Hace unos 1600 años los Shona, un pueblo guerrero muy bien organizado, descendieron de Sudán al sur de África, trayendo consigo conocimientos astronómicos y espirituales, así como la práctica de la agricultura y la metalurgia (oro, hierro y cobre). Del escaso conocimiento que tenemos sobre ellos surge un hecho indiscutible: los Shona fueron grandes constructores.
Como suele ocurrir con los fenómenos migratorios, se dividieron en pequeños grupos, conviviendo con otros pueblos que ya vivían en esa zona, como los bosquimanos, y comenzaron a construir sus reinos junto con otros clanes y tribus.
El sur de África siempre ha sido una tierra de misterios. Según una leyenda babilónica, parece que los materiales para representar a los dioses Anunnaki procedían de allí. De hecho, Sudáfrica es uno de los países más ricos en materias primas. Otro misterio es la presencia de gigantescos edificios de piedra, como los de Mpumalanga y Mapungubwe. Varios arqueólogos, entre ellos la senegalesa Louise Marie Diop, están convencidos de que se trata de los restos de una civilización anterior a la llegada de los Shones.

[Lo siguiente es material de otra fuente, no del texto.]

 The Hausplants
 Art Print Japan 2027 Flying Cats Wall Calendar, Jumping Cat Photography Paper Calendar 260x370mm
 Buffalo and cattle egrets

Construyeron castillos y fortificaciones, llamados en su lengua «dzimba dzemabwe» (en la foto), es decir, casas de piedra de 10 metros de altura, con una correlación que se habría creado deliberadamente con las tres estrellas centrales de la constelación de Orión, igual a la de las tres pirámides de Giza, en Egipto. Por lo que sabemos, tenían una religión de tipo animista, con la creencia en un dios creador, Mwari, y en armonía entre el hombre y la naturaleza.

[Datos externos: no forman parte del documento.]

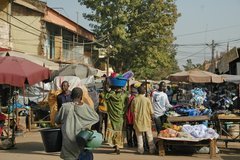 mali1016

Después de algunos siglos, los herederos de los Shona fundaron otra civilización, la de Mwene Mutapa, o Monomotapa, según la pronunciación portuguesa. Compuesto por varios reinos ricos en cobre, hierro, marfil y oro, el imperio abarcaba los actuales territorios de Zambia, Mozambique y Zimbabwe y alcanzó su apogeo entre los siglos XIII y XIV. A finales del siglo XIV, el río Zabi, que atravesaba la región, se secó, causando una grave hambruna. Los bantúes de la región de los grandes lagos tomaron el relevo. Los edificios, especialmente en la isla de Kilwa y en Manikeni, eran de una belleza impresionante, las casas estaban hechas de corales y el palacio real tenía cuatro entradas principales. El imperio vivía de la agricultura y el comercio con China – los arqueólogos encontraron en el palacio real grandes cantidades de porcelana china – la India y los árabes.
No debemos olvidar que los árabes escribieron mucho sobre el África precolonial, dibujando mapas, describiendo con admiración las ricas ciudades del imperio y contando sus aventuras como exploradores. Parte de la población se convirtió al islam, pero el gobernante y la corte permanecieron apegados a la religión de sus antepasados, con una organización matriarcal en la que la figura más influyente era la reina madre (la Namwari). Luego estaban los sacerdotes (Chengere Mwari), los granjeros (Limpo) y los oficiales (Mashona). No había escritura, pero las joyas, los tejidos, la tradición oral y los escritos árabes nos ayudaron a conocer esta gran civilización africana.
El declive de Mwene Mutapa fue causado por conflictos de poder entre familias y gobernadores y por la llegada de portugueses y holandeses. En 1529 los portugueses conquistaron la mayor parte del imperio, aunque algunos de sus habitantes huyeron a la actual Mozambique.
En 1871 el arqueólogo alemán Karl Maor se adentró en el bosque de lo que más tarde se llamaría Rodesia, vio las ruinas de un antiguo castillo y las atribuyó a los fenicios; por la mentalidad de la época era imposible que los africanos hubieran edificado construcciones tan imponentes. El Imperio Británico y el régimen segregacionista de Rodas negaron por mucho tiempo a los arqueólogos africanos el acceso al sitio y muchos objetos sagrados fueron enviados a los museos de Londres, pero con el tiempo la ciencia moderna confirmó que los edificios eran obra de africanos.
El nombre actual del país – Zimbabwe – no fue adoptado hasta 1980, en homenaje a las antiguas construcciones de piedra llamadas «dzimba dzemabwe».